On-line version ISSN 1678-9946

Rev. Inst. Med. trop. S. Paulo vol.43 no.5 São Paulo Sept./Oct. 2001 




Ivonise FOLLADOR(1), Achiléa BITTENCOURT(2), Fernanda DURAN(3) & Maria das Graças ARAÚJO(4)




The present report describes a case of cutaneous protothecosis caused by Prototheca wickerhamii in a non-immunocompromised female from the state of Bahia, Brazil. This is the second case described in Brazil. Dermatological examination revealed diffusely infiltrated erythematous plaques on the flexor aspect of the right arm and forearm. The authors emphasize the pathological aspects that can lead to misdiagnosis this condition. The patient was successfully treated with fluconazole.

KEYWORDS: Prototheca wickerhamii; Cutaneous protothecosis; Subcutaneous mycosis; Fluconazole.

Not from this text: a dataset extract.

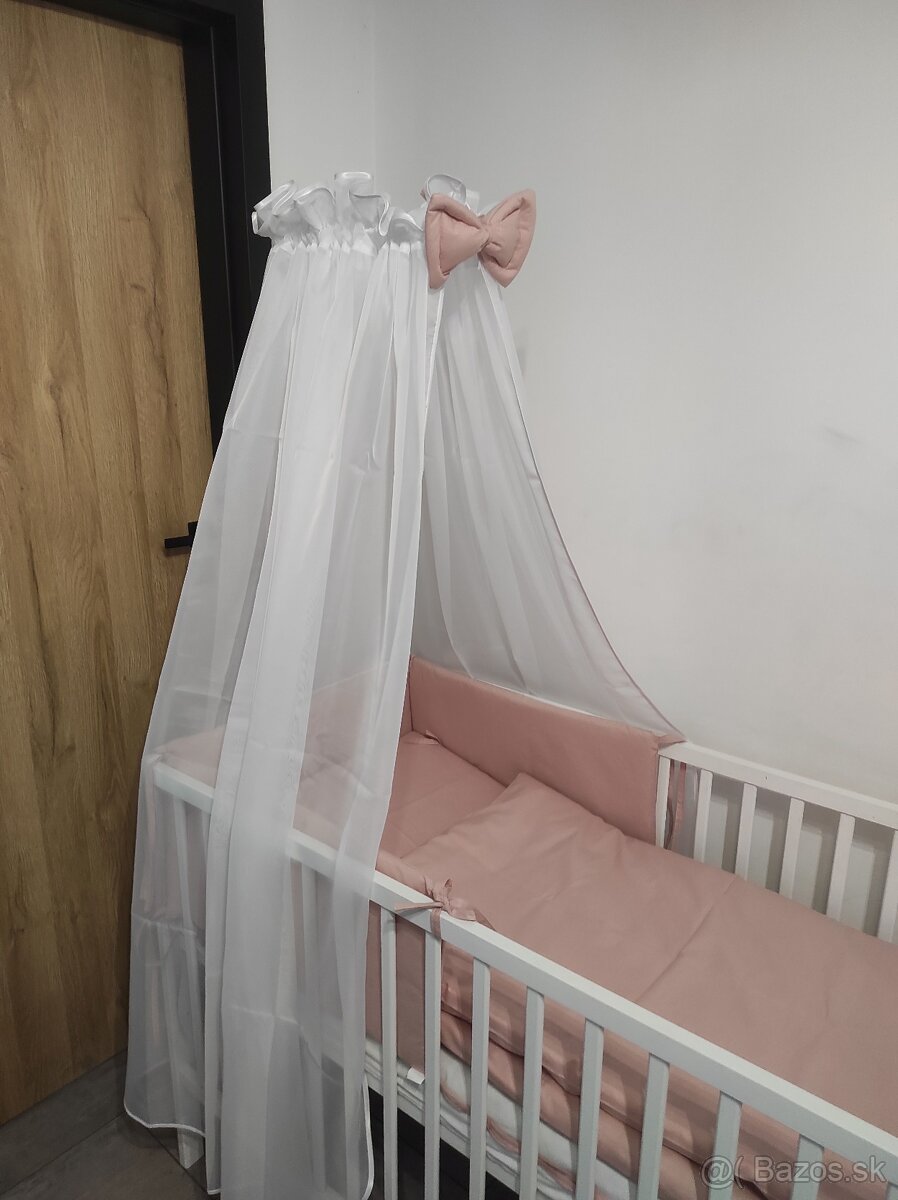 7 dielne súpravy do postieľky Viac farieb - 8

Protothecosis is an infection caused by the achlorophyllic algae of the genus Prototheca. Three species are known: P. wickerhamii, P. zopfii and P. stagnora, but only the first two have been known as agent of disease in humans and animals26. There are more than 80 cases of protothecosis described in the literature7,10,13,14,19,20,21,23,26,35; only one of which occurred in Brazil1.

Prototheca is found in plant products, soil and water in tanks, lakes and sewage26. Inoculation with Prototheca has been reported to occur during surgery and orthopedic procedures, through insect bites and trauma. Infection may also occur by penetration of the agent through any previous skin injury in contact with contaminated water3,17,25,26.

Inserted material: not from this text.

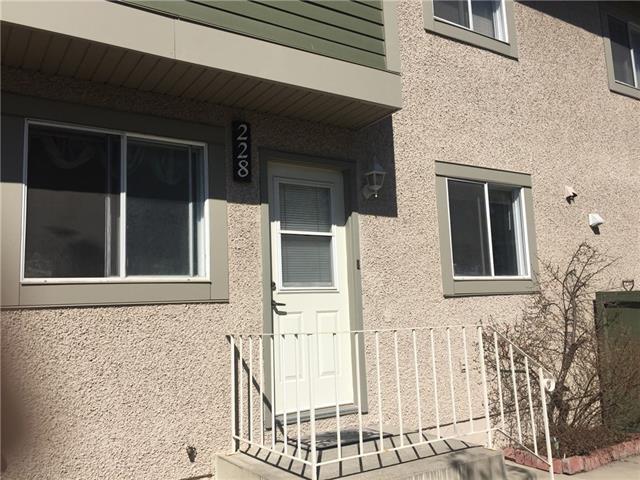 406 Blackthorn Road - Photo 1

Human protothecosis can manifest as a primary cutaneous form; an articular form (olecranon bursitis) and as a systemic infection that may also involves the skin3,6,24,26. Cutaneous lesions are described as papules, nodules, plaques, verrucous lesions, and ulcerated and herpetiform lesions3,8,9,15,16,22,26.

The aim of this paper is to present a case of cutaneous protothecosis with florid cutaneous lesions and peculiar pathological aspects.



A 72-year-old woman presents skin lesions since one year when the lesions appeared after trauma at a bus that resulted in skin abrasion in the right arm. The abrasion were washed and dressed with an antiseptic iodine solution. A few days later she started to feel moderate itching and noted redness on the right arm. At this time, she began to use a potent corticosteroid cream containing clobetasol that she had used for more than 6 months. The itching continued and the lesions extended to the forearm. The patient has been living in Salvador-Bahia for more than 30 years and had no previous history of cutaneous or systemic disease.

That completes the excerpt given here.